Scientific classification
- Kingdom: Animalia
- Phylum: Chordata
- Class: Actinopterygii
- Order: Anabantiformes
- Family: Osphronemidae
- Genus: Pseudosphromenus
- Species: P. dayi
- Binomial name: Pseudosphromenus dayi (Köhler, 1908)
- Synonyms: Macropodus dayi (Köhler, 1908); Parosphromenus dayi (Köhler, 1908); Polyacanthus dayi Köhler, 1908;

= Pseudosphromenus dayi =

- Authority: (Köhler, 1908)
- Conservation status: VU
- Synonyms: Macropodus dayi (Köhler, 1908), Parosphromenus dayi (Köhler, 1908), Polyacanthus dayi Köhler, 1908

Species of fish

Pseudosphromenus dayi or Indian spiketail betta is a species of freshwater ray finned fish from the subfamily Macropodusinae, part of the gourami family Osphronemidae. It occurs in Kerala on both the coastal regions and the Western Ghats. It is a species of still or slow flowing waters, especially lakes, ditches and swamps in both fresh and brackish waters. Pseudosphromenus dayi is a bubble nester, the male creates a nest made of bubbles under an overhang or a leaf. The females lays eggs which drop to the substrate and are picked up by both fishes in the pair and placed in the bubble nest.
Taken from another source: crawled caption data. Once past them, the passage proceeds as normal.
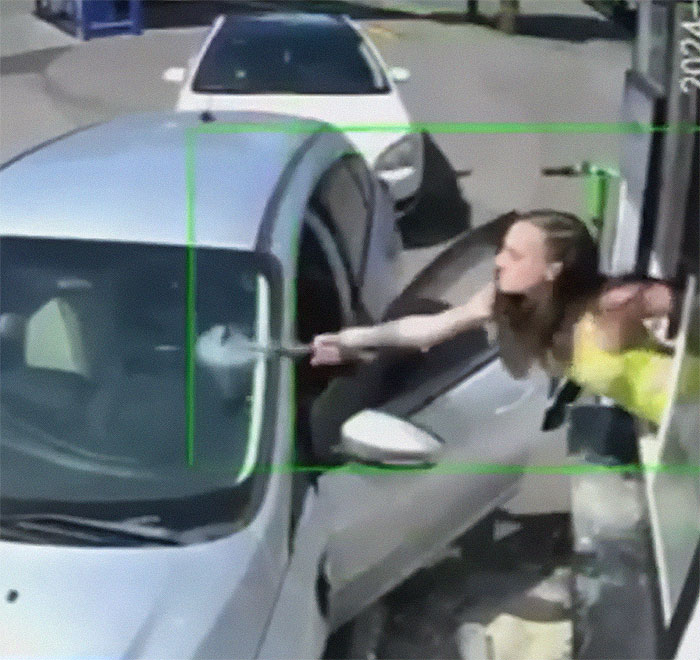 After Customer Crosses The Line, Barista Smashes His Windshield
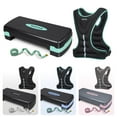 thumbnail image 1 of SAKAE Aerobics Step Platform Set with Weighted Vest & Measuring Tape, Adjustable Height 2 Level Risers Workout Step Trainer with Non-Slip Surface, Step Platform for Home Exercise, Green, 1 of 9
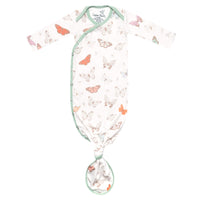 Copper Pearl Newborn Knotted Gown | Luna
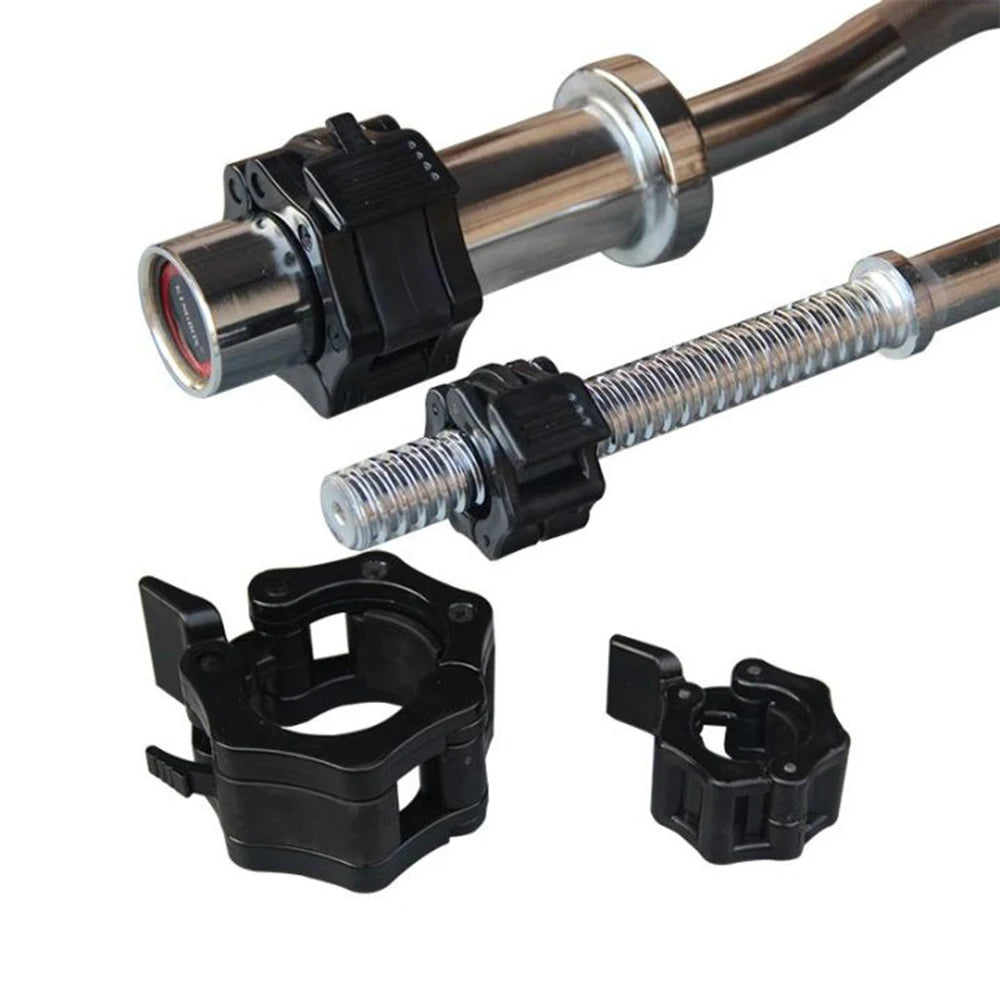 Pair of Locking 25/50Mm Diameter Standard Bar Dumbbell Barbell Collars Lock Clips Clamp Weight Lifting Gym Fitness Bodybuilding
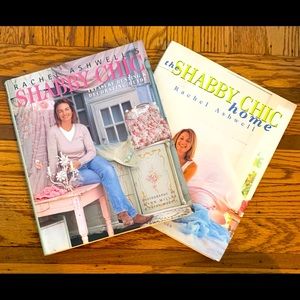 Pair Shabby Chic Modern Design Coffee Table Books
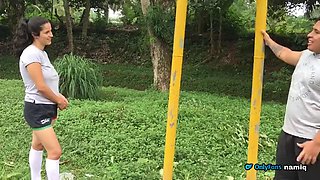 I Find a Cute Latina Working Out and I Invite Her to Fuck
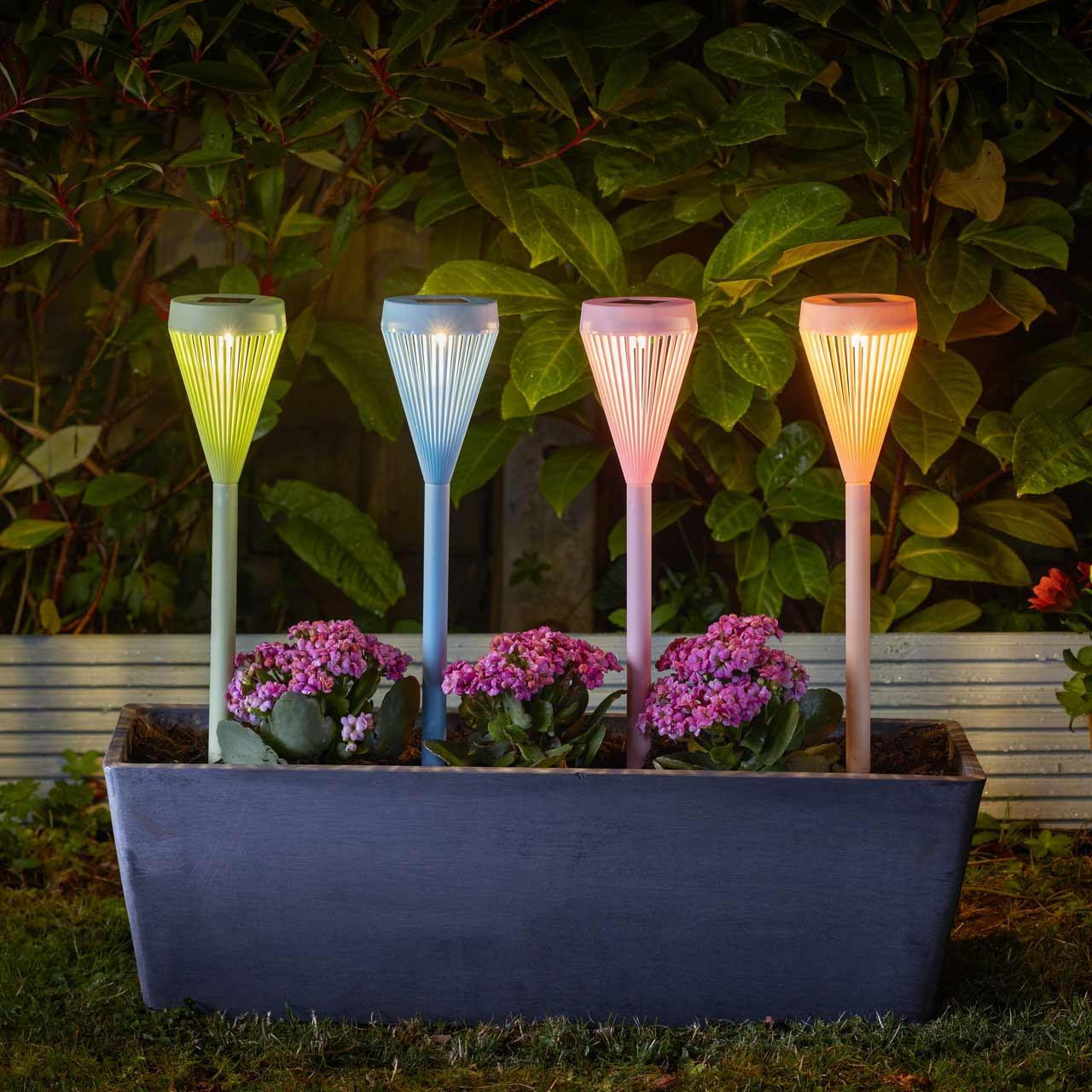 Smart Solar Viva! LED Solar Stake Light (4 Pack)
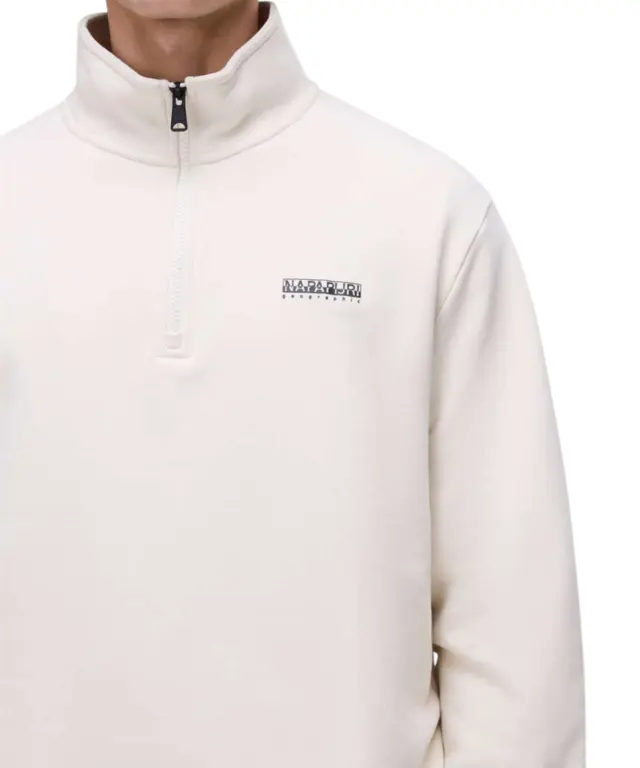 Napapijri - Ανδρικό Φούτερ Με Κουκούλα B Small Box Relaxed Fit NP0A88TO-N1J Εκρού - L 3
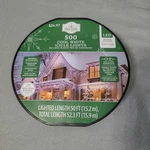 Holiday Time 500 Cool White Icicle Led Christmas Lights Wire 52.3 Ft New. Fixed Price $26.89.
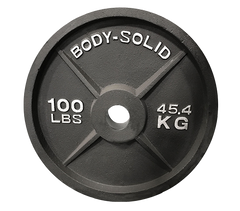 Black Cast Oly Plate 100lb - [OPB100]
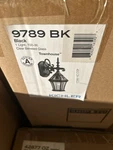 Kichler 9789 Black Townhouse Collection 1-LIGHT 12" Outdoor Wall New/ Seal. Fixed Price $95.00.
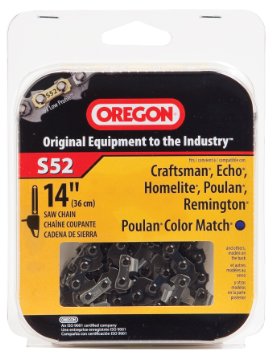 Oregon 14-Inch Chain Saw Chain Fits Craftsman, Echo, Homelite, Poulan, S52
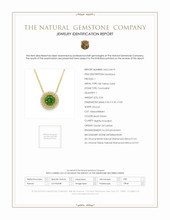 3.56 Ct. Tourmaline Natural Diamond Accent Stones Necklace, 18K Yellow Gold Scan Report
The name Polyacanthus cupanus dayi was first published in 1908 by Köhler in 1908 but Catalog of Fishes refers to this as a nomen nudum and attributes the valid use of the name, with a formal description, to P. Engmann in 1909. The type locality is given as Malacca which is probably an error and should be Kerala. The specific name honors the British ichthyologist and author of the Fishes of India, Francis Day (1830–1889).